Its privacy model depends heavily on the venue. OpenReview is explicit that the venue or other solicitor controls readership and sharing for most submissions. That gives organizers flexibility, but it also means users inherit the venue’s policy choices. If you want a single, predictable privacy stance, OpenReview is not that kind of platform.
The platform collects and retains more operational data than casual users may expect. The privacy policy says OpenReview collects browser data, cookies, and API interaction data, logs complete API traffic for 90 days, and retains some POST/PUT/DELETE logs indefinitely for administrative access. That is reasonable for system debugging, but it is not a trivial data footprint.
The workflow depth comes with real complexity. OpenReview’s documentation shows just how many moving parts sit between venue setup and a finished review cycle. That flexibility is useful when you are running a conference or journal, and exhausting when you are not. The product rewards people who already understand peer-review operations and punishes everyone else with terminology.
Pricing
The pricing story is unusually simple: OpenReview says access is free, paper submissions are free, and there are no fees. There is no tier ladder to decode and no paywall hiding the core workflow. For venues, that is a strong argument for adoption.
The practical cost is not money but administration. Someone still has to configure the venue, manage roles, and understand the workflow model. That makes OpenReview a better deal than most paid review platforms, but only if you have the operational maturity to use it well.
Privacy
OpenReview does not behave like a generative AI app training on prompts. The risk is different and more immediate: the platform collects account, browser, and API data, and the venue controls how much submission and review data is shared. The privacy policy also says OpenReview aims to comply with applicable US privacy laws and GDPR, but that promise sits alongside extensive logging and venue-defined visibility.

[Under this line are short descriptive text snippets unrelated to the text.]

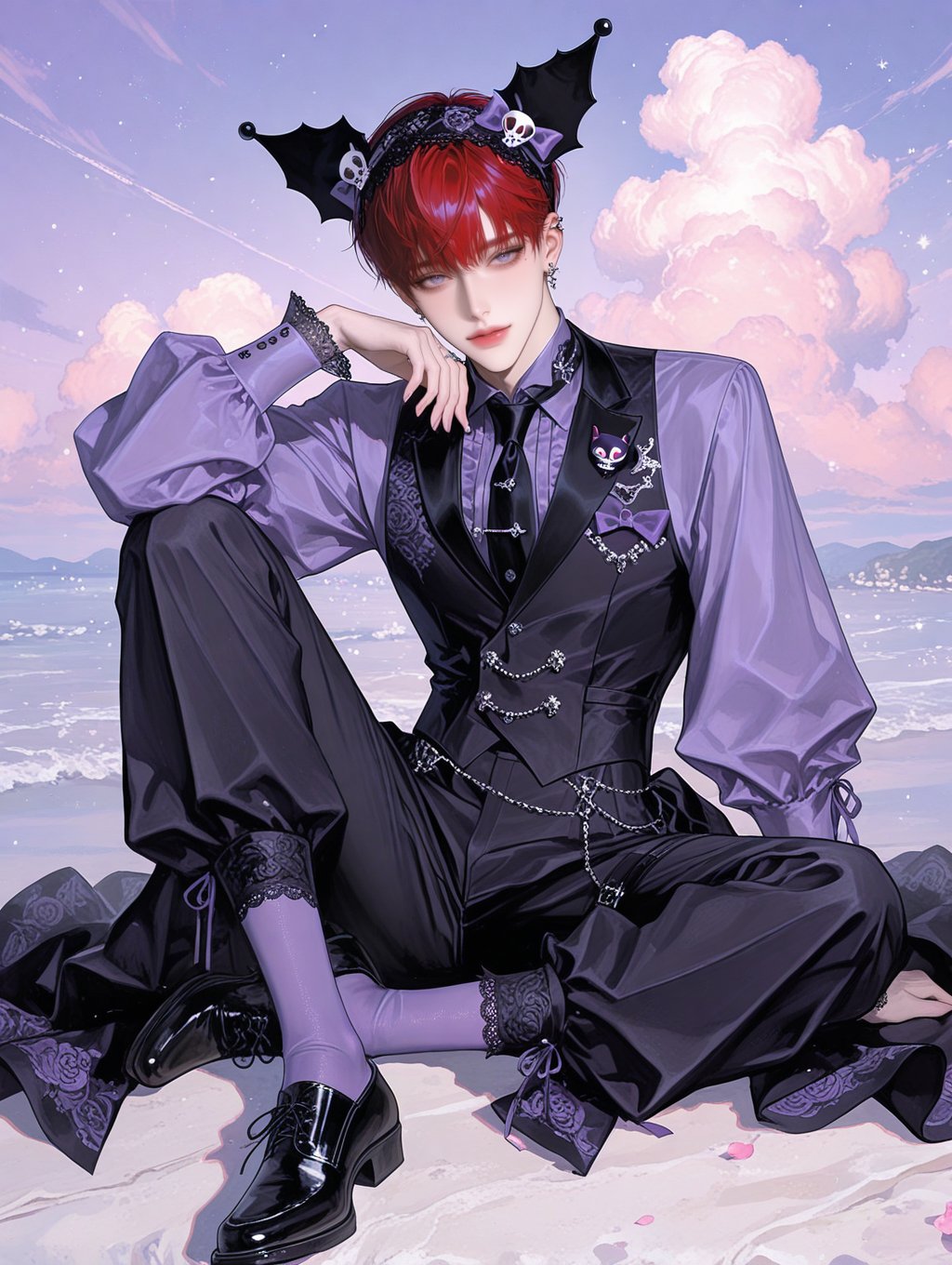 AI-generated image analyzed by PromptLens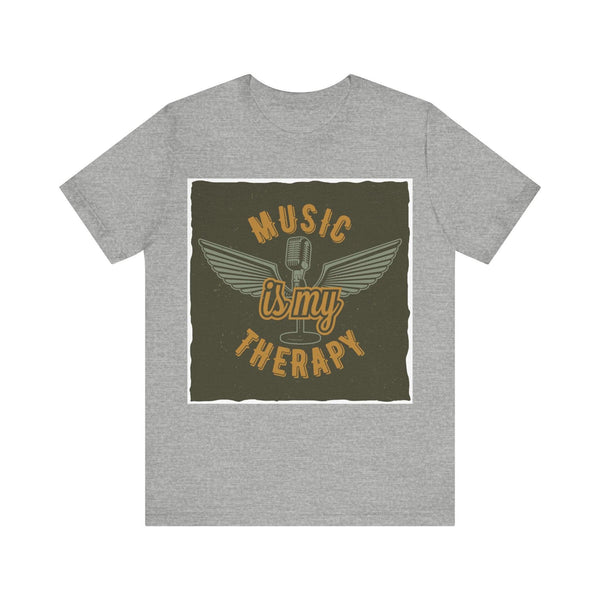 90s Music Therapy T Shirt | Athletic Heather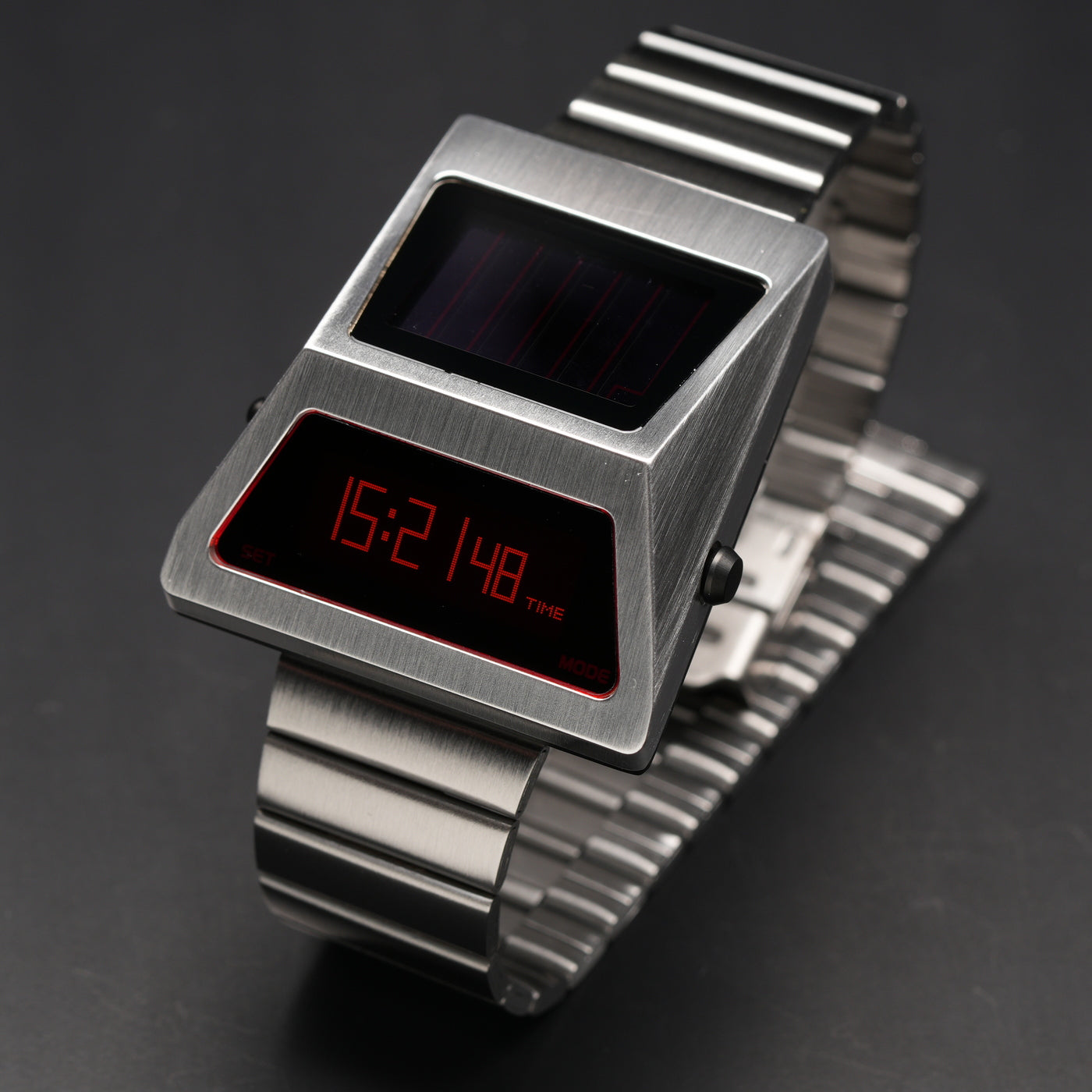 T-700 Blade (A-version, Silver/Red) Fullmetal Shockproof OLED Limited Edition Watch
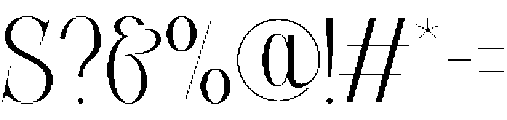 Courage Apprentice otf (400) Font OTHER CHARS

The operational logs are the part professionals should pay attention to. OpenReview logs complete API traffic for 90 days, and some write actions are retained indefinitely for administrators. Profile data can also be public by default, with email addresses shared to venue organizers and other information controlled by reader permissions. For normal conference operations, that may be fine. For sensitive or highly regulated work, it deserves a hard look before anyone treats it as a neutral repository.
Who It’s Best For
- Conference and workshop chairs who need configurable submission, review, and decision workflows.
- Journal editors who want a structured venue system with controlled openness and discussion.
- Research groups running class projects, symposia, or special venues that need a real review stack.
- Institutions that want an open, API-driven review platform rather than a closed SaaS workflow product.
Who Should Look Elsewhere
- Researchers who want paper discovery and triage should start with Semantic Scholar or OpenAlex.
- Users who want citation context and evidence-oriented reading should compare Scite first.
- People who want to explore literature visually should look at ResearchRabbit.
- Anyone looking for a private research workspace should not try to force OpenReview into that role.
Bottom Line
OpenReview is what happens when peer review is treated as infrastructure instead of ceremony. That makes it indispensable to venues and mostly irrelevant to everyone else. If you need a system to run review, this is one of the few products that deserves to be the default.
If you want to read, organize, and synthesize papers, it is the wrong layer. OpenReview is the committee’s machine, not the reader’s.